> _EXERCISE PROMPT_: Only one stretch of the data below is needed. Output the lines from the one with "Orecchini con granato" up to and including the one with "Die orange-bernsteinfarbene Kristalltischlampe", exactly as they stand.

> _PROVIDED RECORDS_:
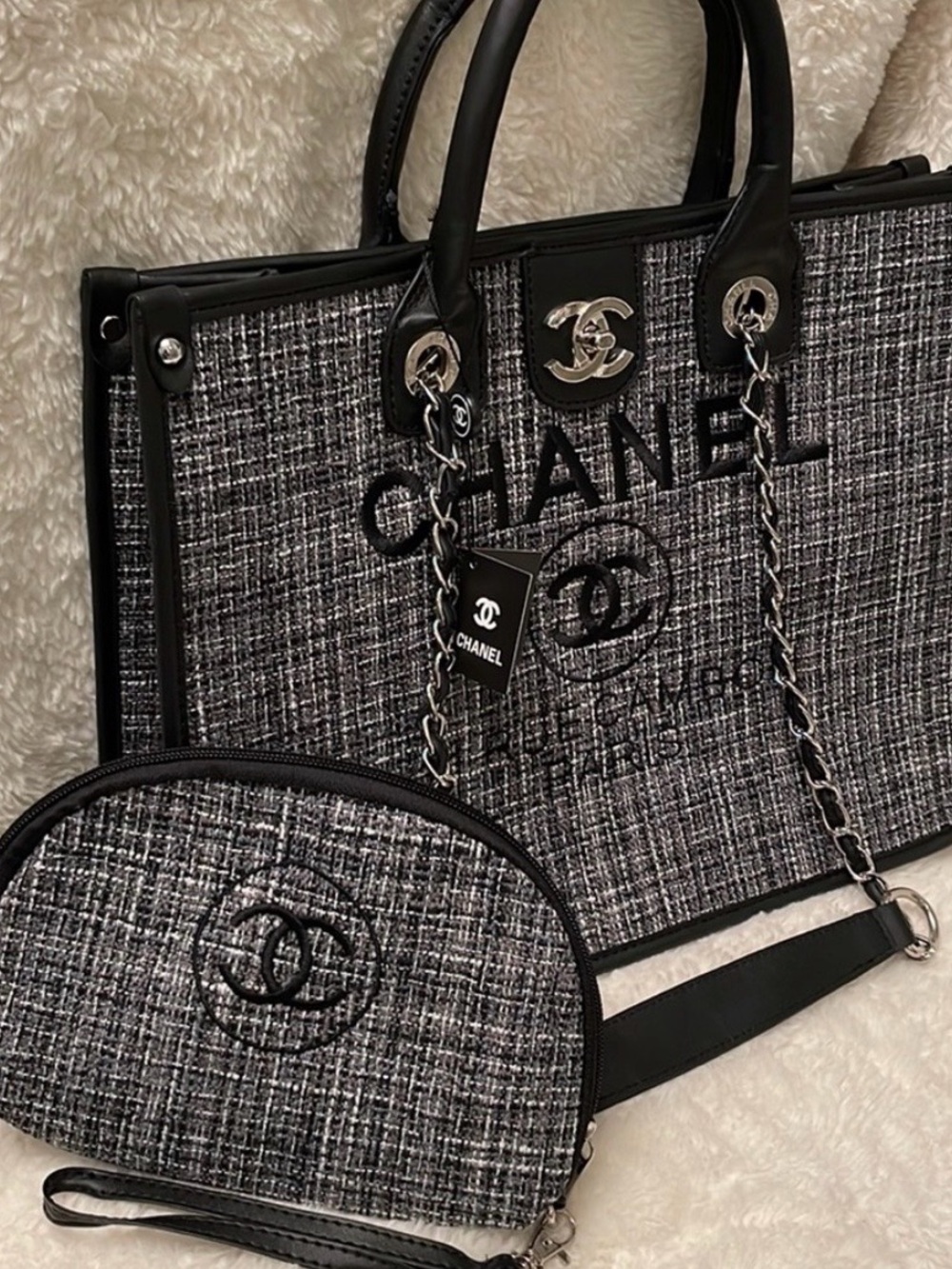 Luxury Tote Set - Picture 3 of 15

* * *

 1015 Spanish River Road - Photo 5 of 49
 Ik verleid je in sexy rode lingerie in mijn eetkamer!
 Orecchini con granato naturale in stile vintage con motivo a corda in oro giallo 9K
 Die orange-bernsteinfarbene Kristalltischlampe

> _EXERCISE ANSWER_:
 Orecchini con granato naturale in stile vintage con motivo a corda in oro giallo 9K
 Die orange-bernsteinfarbene Kristalltischlampe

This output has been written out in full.